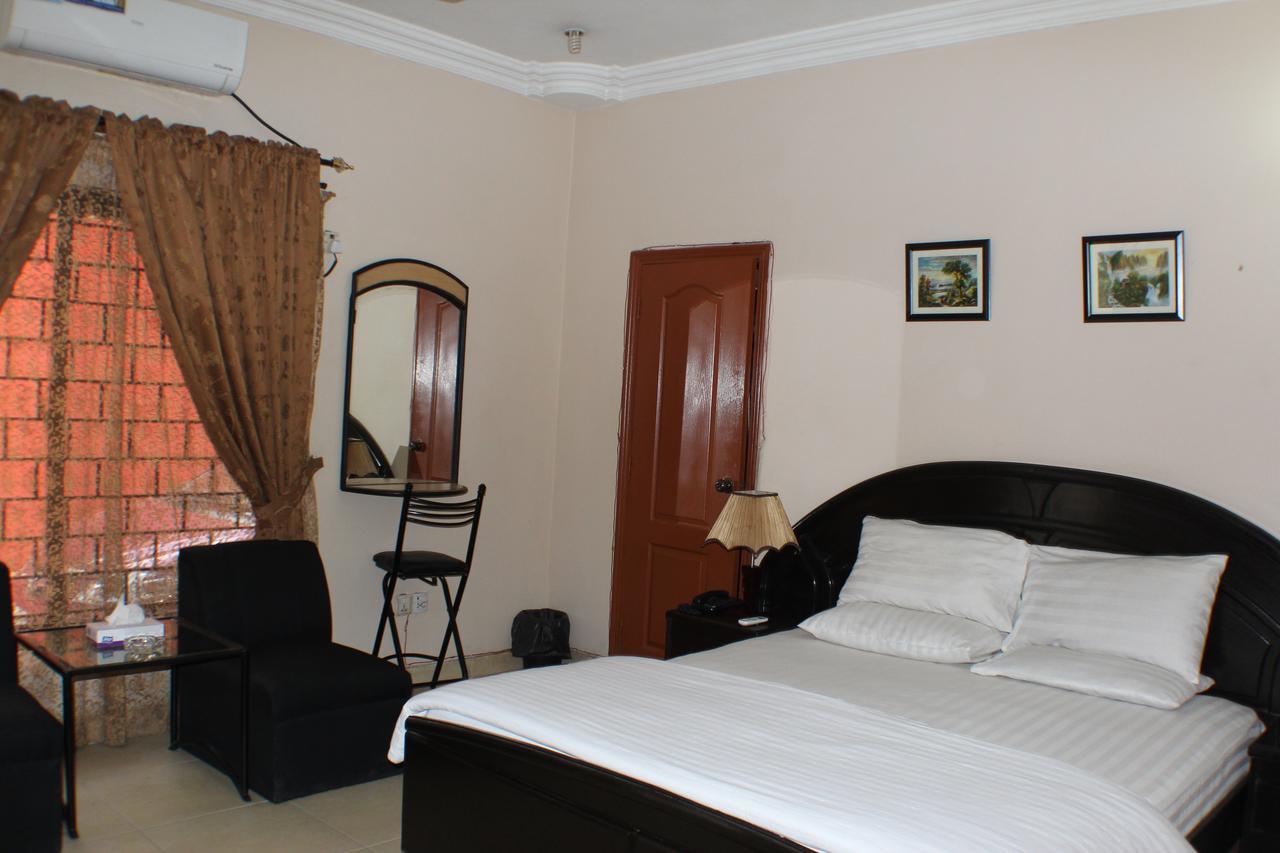 Luxury Inn Karachi Luaran gambar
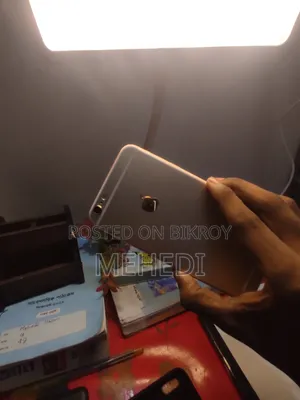 Apple iPhone 6s Plus 64 GB Gold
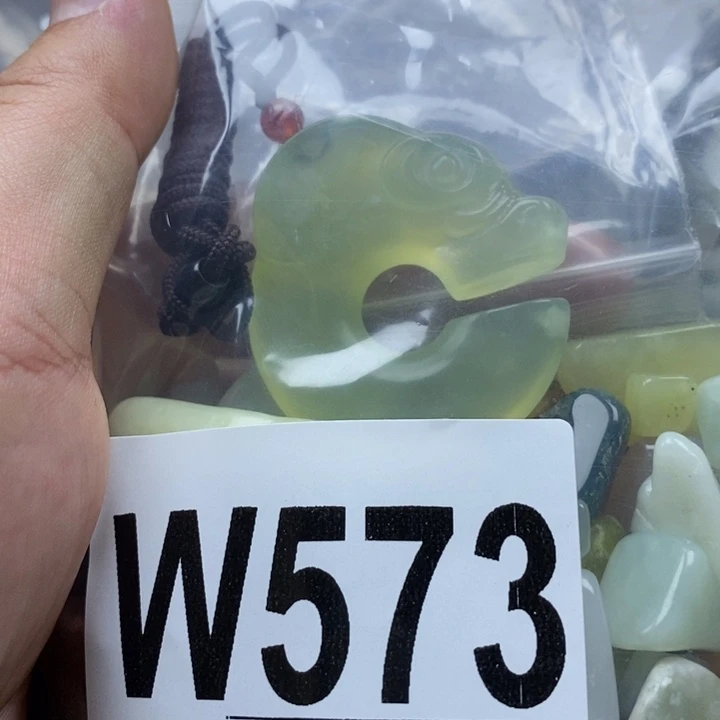 蛇纹石玉未镶嵌珠宝奇石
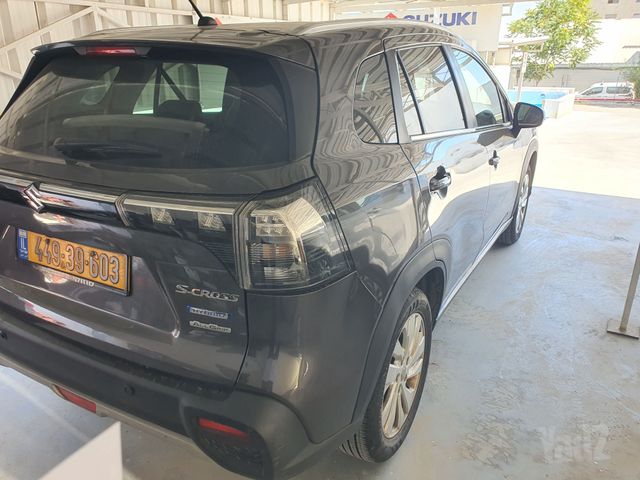 סוזוקי S-Cross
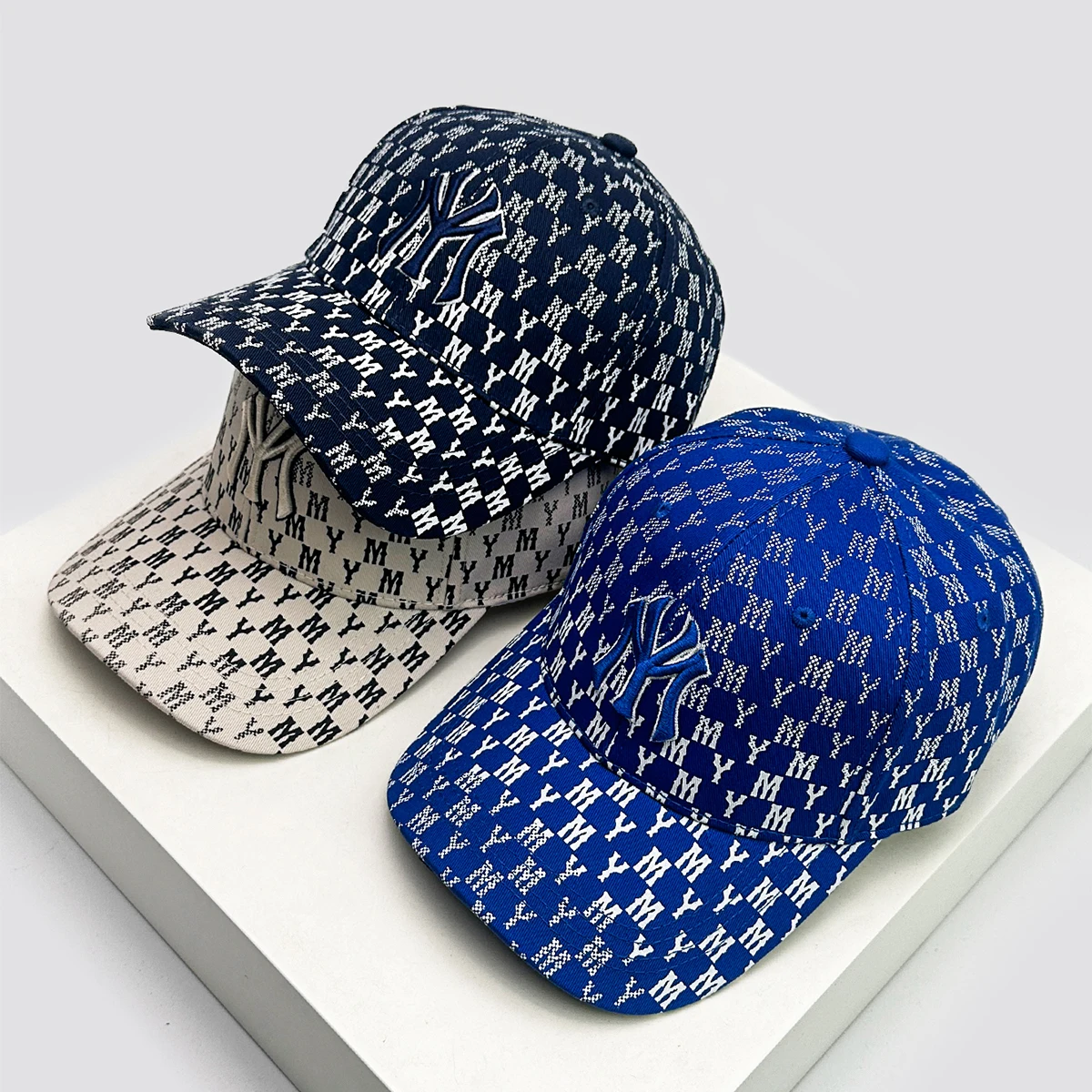 

New Unisex Embroidered Letters Gradient Baseball Hats Personal Breathable Hardtop Sunshade Peaked Caps Versatile Street Fashion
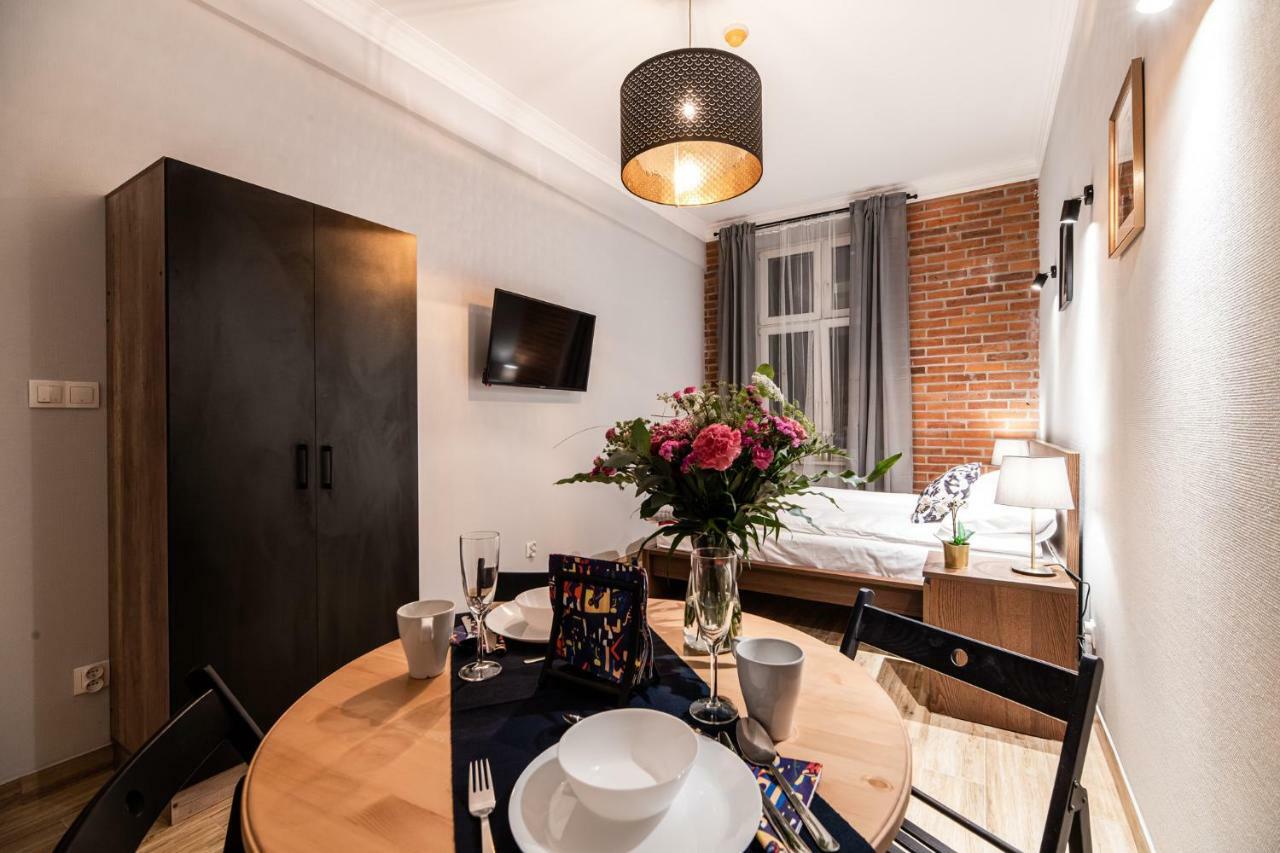 Lubomirskiego 23 Residence - Great Location, 10 Min To Main Square By Foot, Right Next To Main Rail And Bus Station คราคูฟ ภายนอก รูปภาพ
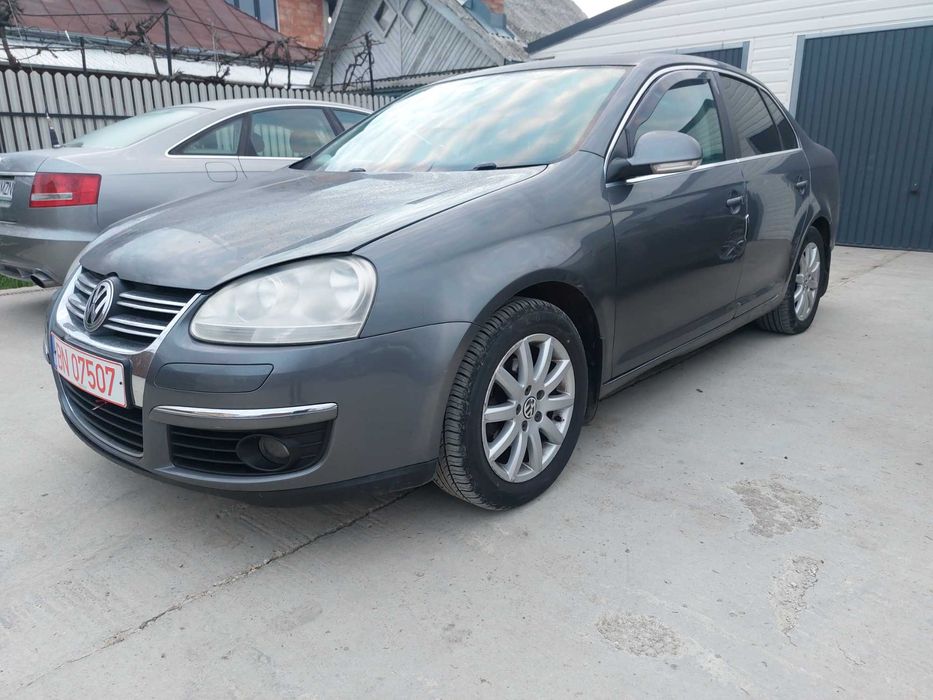 Capota fata - Orice piesa Volkswagen Jetta 1.9 TDI AUTOMAT BXE gri sobolan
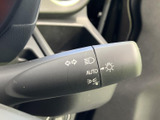 操作しやすい位置に配置されたウインカーレバー。スムーズな操作で、安全な車線変更をサポートします。直感的に使えるのが魅力です。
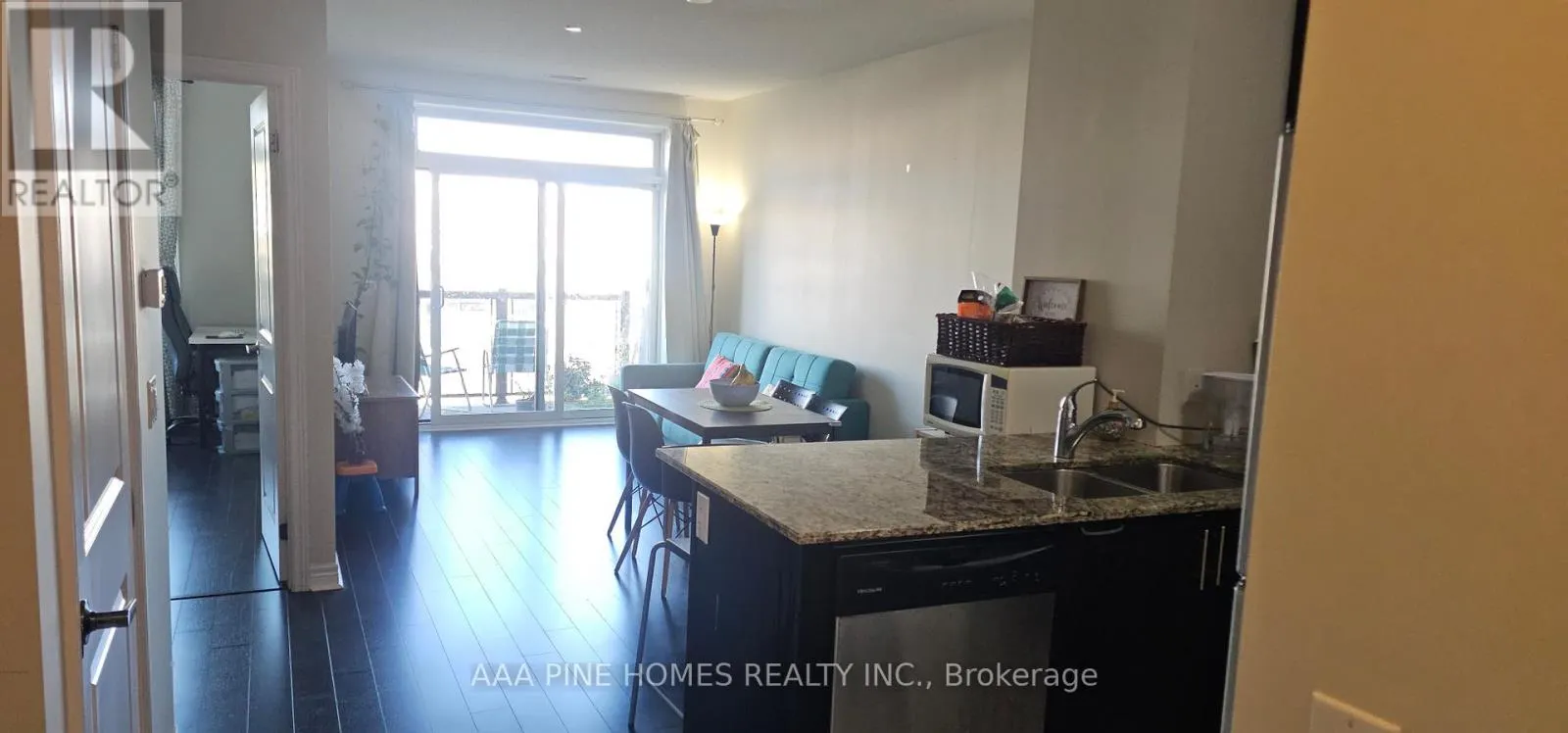 205 - 7325 MARKHAM ROAD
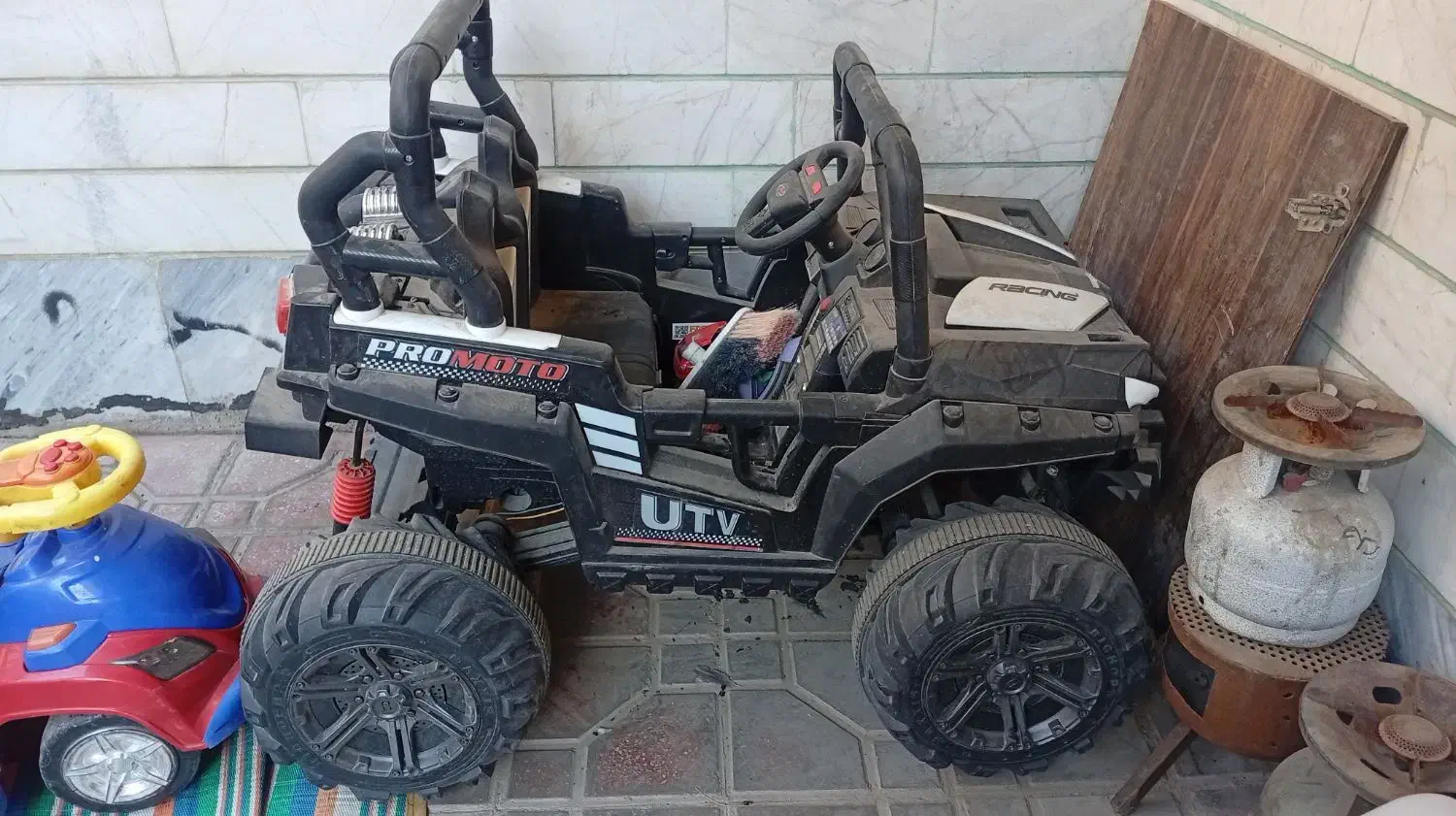 ماشین شارژی|اسباببازی بچه|مریوان, |دیوار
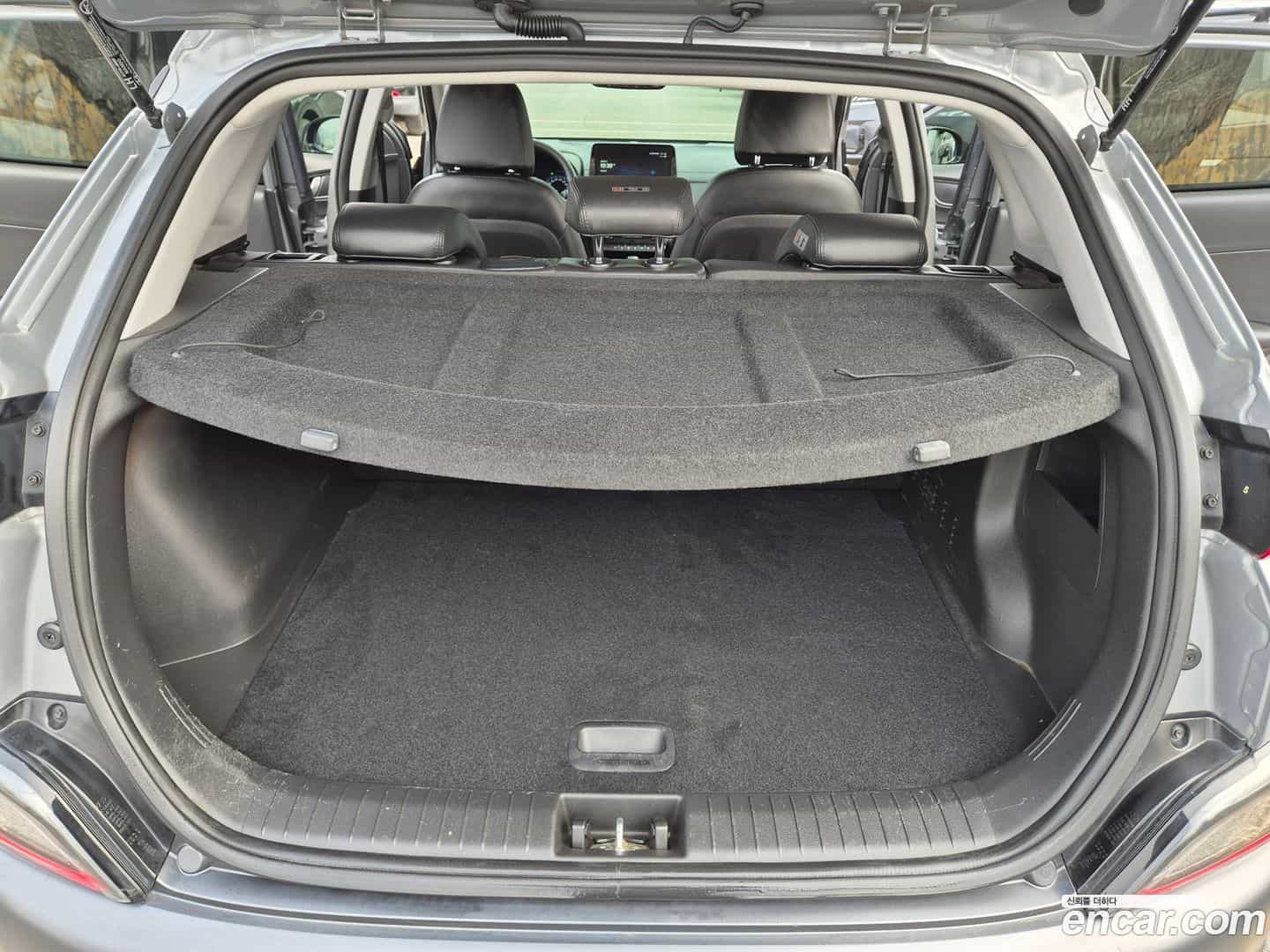 Kona Hyundai 2021.4-INNER-009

★ ★ ★ ★ ★

_Task goal_: Repeat the listing exactly; do not print any picture.

_Solution_:
 Luxury Inn Karachi Luaran gambar
 Apple iPhone 6s Plus 64 GB Gold
 蛇纹石玉未镶嵌珠宝奇石
 סוזוקי S-Cross

New Unisex Embroidered Letters Gradient Baseball Hats Personal Breathable Hardtop Sunshade Peaked Caps Versatile Street Fashion
 Lubomirskiego 23 Residence - Great Location, 10 Min To Main Square By Foot, Right Next To Main Rail And Bus Station คราคูฟ ภายนอก รูปภาพ
 Capota fata - Orice piesa Volkswagen Jetta 1.9 TDI AUTOMAT BXE gri sobolan
 操作しやすい位置に配置されたウインカーレバー。スムーズな操作で、安全な車線変更をサポートします。直感的に使えるのが魅力です。
 205 - 7325 MARKHAM ROAD
 ماشین شارژی|اسباببازی بچه|مریوان, |دیوار
 Kona Hyundai 2021.4-INNER-009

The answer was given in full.